Prompt -> Output the data word for word, dropping every image.

++++ Exercise data ++++

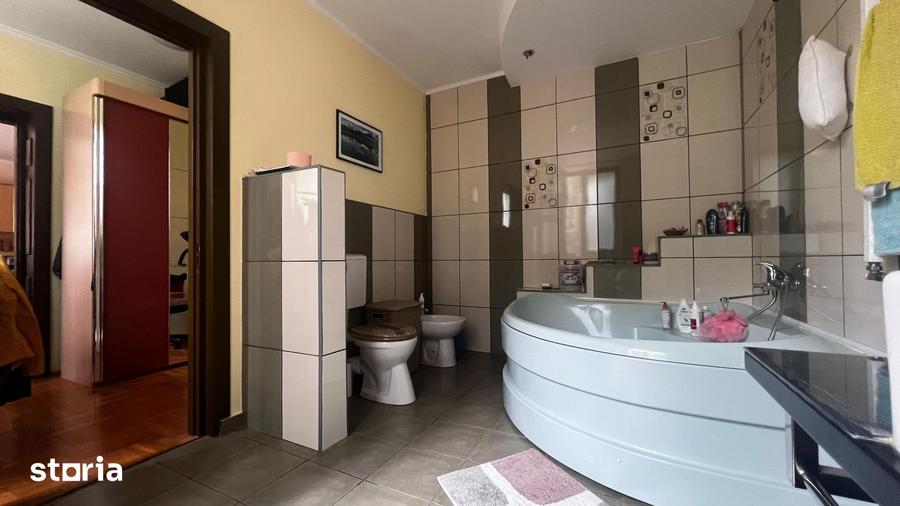 Casă cu 4 camere cu Teren 2283 Mp în Hălchiu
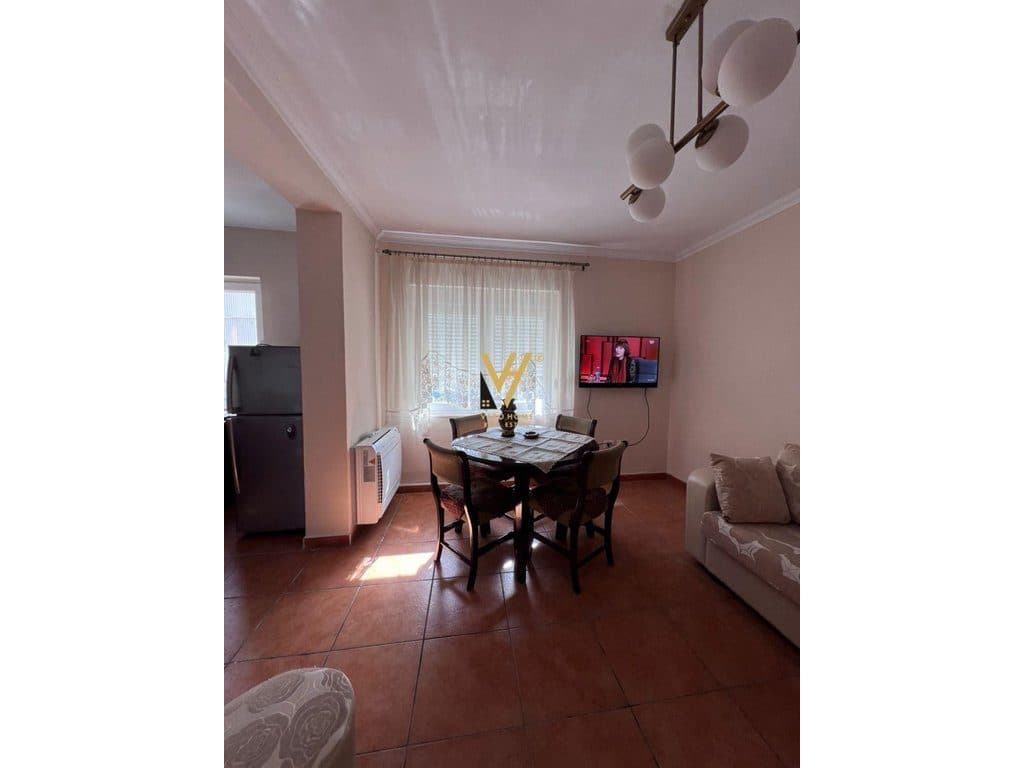 JEPET APARTAMENT 2+1+BLK ME QERA TEK RRUGA E ELBASANIT 80.000 LEKE 2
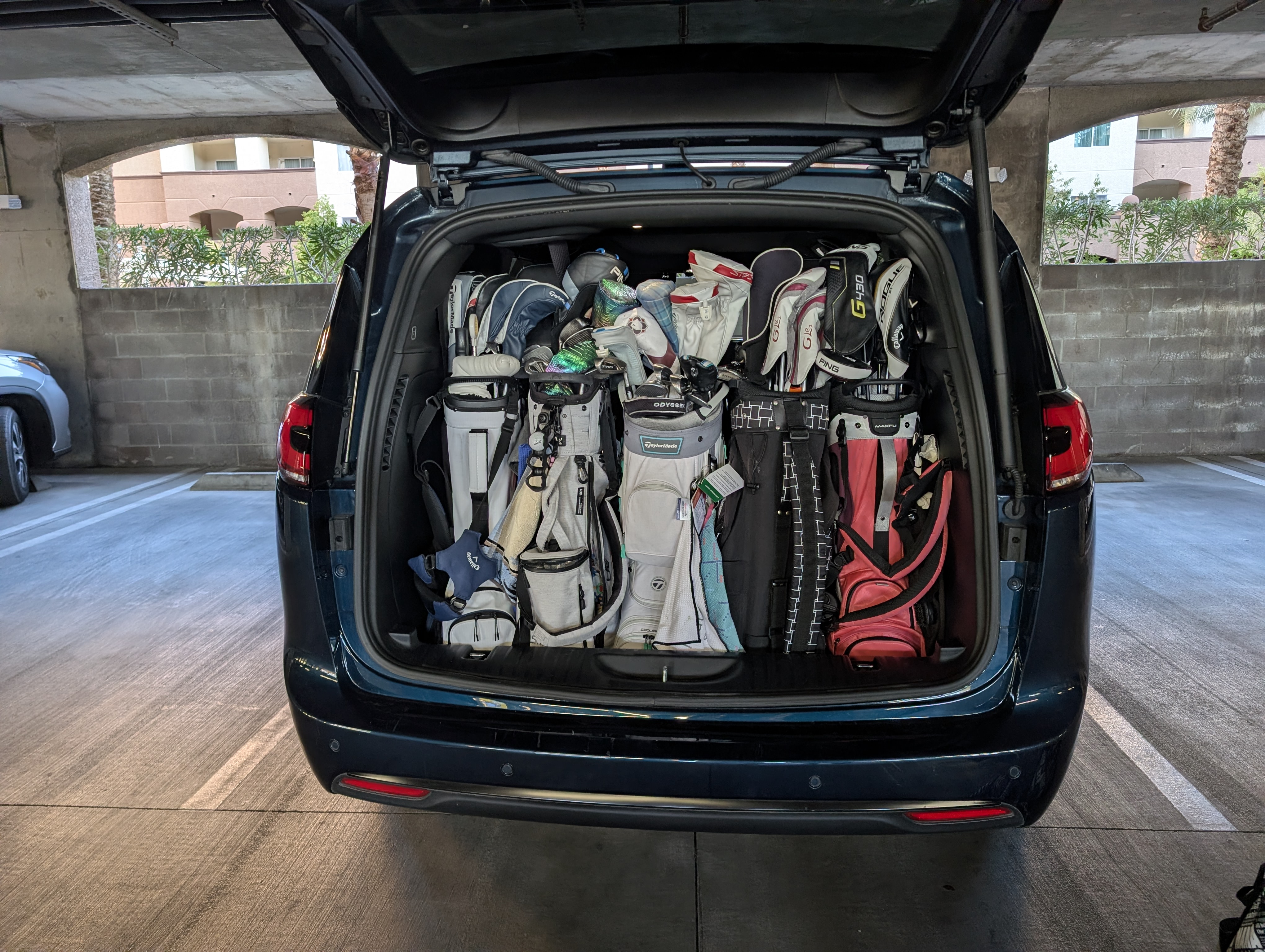 Traveling with 5 golfers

++++

Reply ->
 Casă cu 4 camere cu Teren 2283 Mp în Hălchiu
 JEPET APARTAMENT 2+1+BLK ME QERA TEK RRUGA E ELBASANIT 80.000 LEKE 2
 Traveling with 5 golfers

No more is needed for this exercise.